Apesar disso, seu passado volta com uma nova roupagem quando é solicitado a ajudar Abra, uma garota que o encontra sobrenaturalmente por pensamentos. Essa menina é uma iluminada tal qual Danny é, com uma “iluminação” muito forte. Com isso, ela acaba sendo detectada por caçadores de iluminados que, de alguma forma, sentem a presença dela liderados por Rose the Hat (Rebecca Ferguson).
Vale a pena dizer que, Ewan McGregor (Danny já adulto), desempenhou muito bem outros papéis em sua carreira, mas pelo menos particularmente, não me causou muito entusiasmo dessa vez, ao passo em que Kyleigh Curran (Abra), não deixa nada a desejar.
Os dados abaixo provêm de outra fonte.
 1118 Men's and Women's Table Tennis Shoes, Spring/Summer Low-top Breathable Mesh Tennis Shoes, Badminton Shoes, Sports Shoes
De certa forma é um choque assistir esse filme com esse novo elemento, a sobrenaturalidade retratada com poderes sobrenaturais. Não tinha poderes sobrenaturais no filme de 1980, o que me quebrou um pouco da expetativa da continuidade. Mas isso se deve, é claro, ao fato de que Stephen King adora colocar esse tipo de elemento em suas histórias.
É importante falar também de Mike Flanagan. Um diretor expoente na atualidade, gravou a série de terror do Netflix chamada “Residence Hill”. Série que foi muito bem recebida pelos críticos, já ganhou anúncio de continuação. Nas mãos de Mike, o filme usa de muita referência das cenas antigas e a escolha das cores para a fotografia também é bem marcante.
Dito isso, o filme é uma boa costura desses dois pesos. Fãs da finesa de Kubrick nunca se sentiriam satisfeitos de ver um filme sem as referências de seu ídolo. Ao passo em que King tem também seu clube, e leitores gostam de ver a obra na tela tal qual imaginaram ao ler o livro.
Flanagan enfrentou um grande desafio ao tentar conciliar essas narrativas. Podemos dizer que o filme não se propunha a ser um novo clássico, mas apenas dar um fim redentor à história de um garoto iluminado.